Data excerpt =
"""

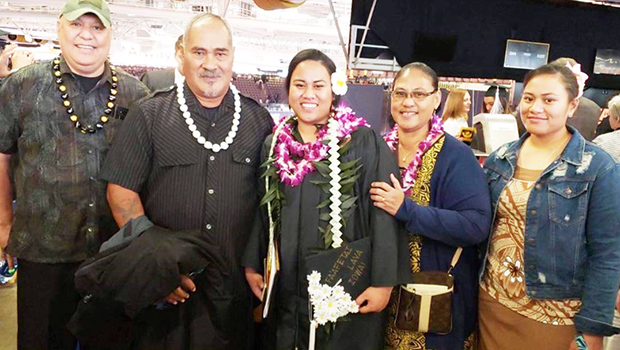 Soaalii Leah Moliga with her parents and other family members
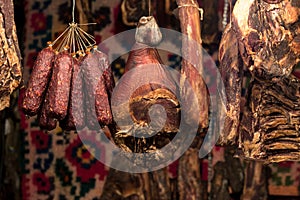 Romanian traditional meat products in smokehouse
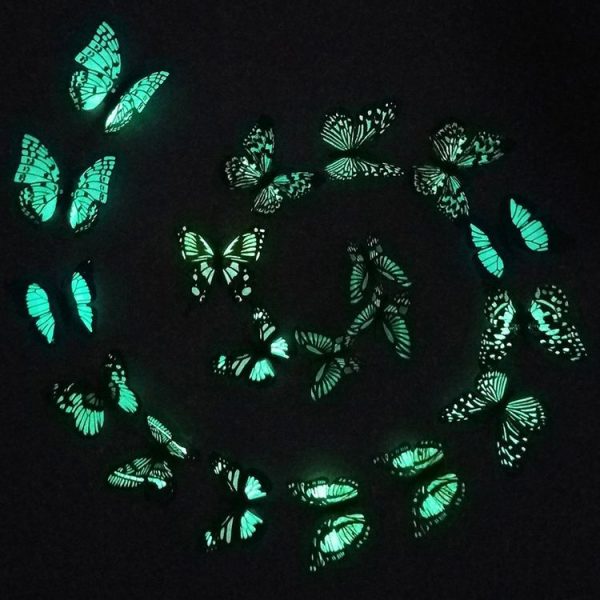 10pcs Fashion Luminous Butterfly with Double-sided Adhesive Simulation Fridge Magnets Wall Sticker Garden Decoration, Random Color Delivery - Image 7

"""

Activity = Would you restate the listing word for word and leave every picture out?

Reply =
 Soaalii Leah Moliga with her parents and other family members
 Romanian traditional meat products in smokehouse
 10pcs Fashion Luminous Butterfly with Double-sided Adhesive Simulation Fridge Magnets Wall Sticker Garden Decoration, Random Color Delivery - Image 7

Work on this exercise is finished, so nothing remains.